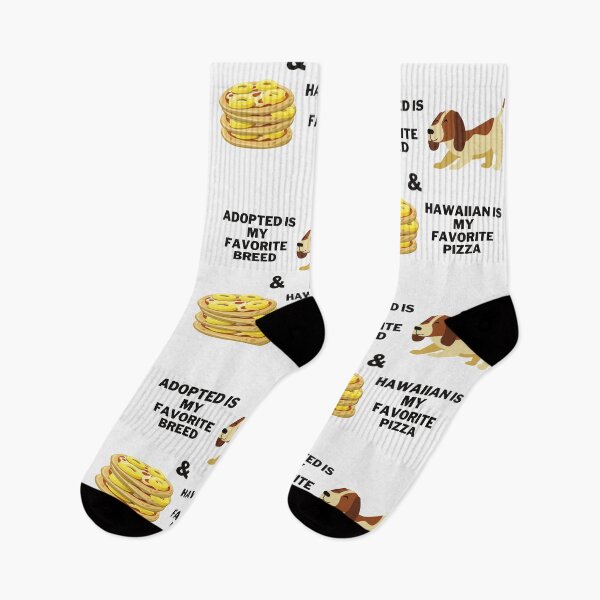 Item preview, Adopted is my favorite breed, & Hawaiian is my favorite pizza  designed and sold by 2Cheesy4U.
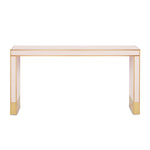 Currey and Company Arden Pink Console Table 3000-0210
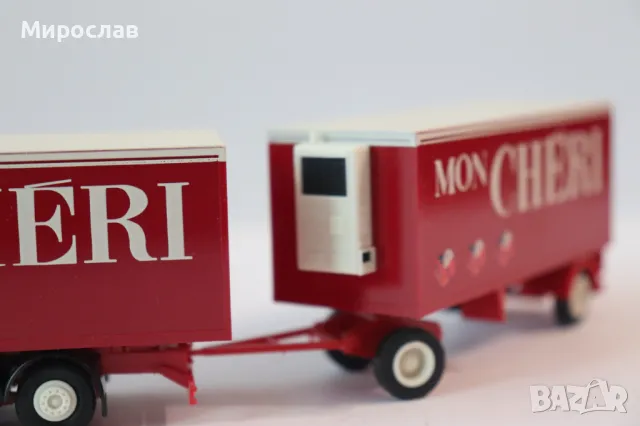 HERPA H0 1/87 МАН MAN КАМИОН ТИР МОДЕЛ, снимка 4 - Колекции - 50142621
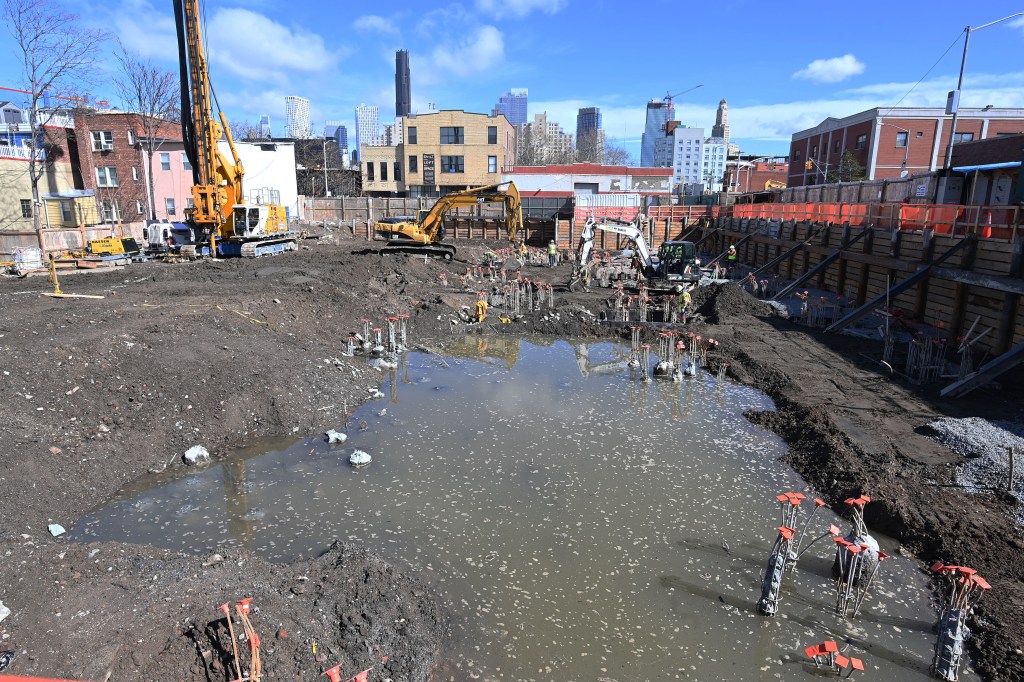 A building construction site at Union and 3rd Ave, across the street from the Royal Palms.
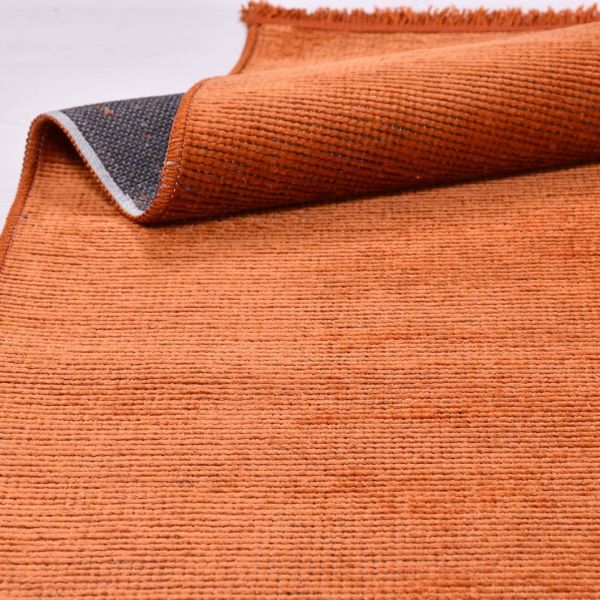Crea Halı Azade 8200S Turuncu Şönil Halı Dokuma Taban Modern Kilim My Crea Home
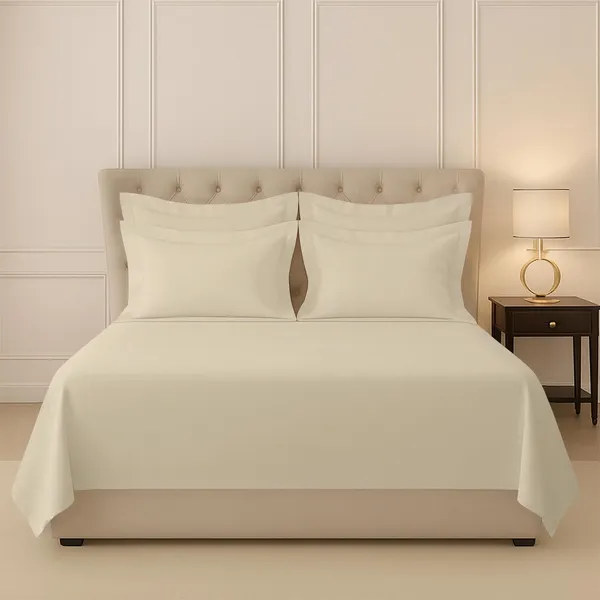Cotton_Sateen_Solid_Beige_Super_King_Flat_Bedsheet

*****

§ Your objective:
Go to the line containing "HERPA H0 1/87", then write out word for word every line from there to the end of the listing. Keep both end lines and drop the pictures.

§ Response for this exercise:
 HERPA H0 1/87 МАН MAN КАМИОН ТИР МОДЕЛ, снимка 4 - Колекции - 50142621
 A building construction site at Union and 3rd Ave, across the street from the Royal Palms.
Crea Halı Azade 8200S Turuncu Şönil Halı Dokuma Taban Modern Kilim My Crea Home
Cotton_Sateen_Solid_Beige_Super_King_Flat_Bedsheet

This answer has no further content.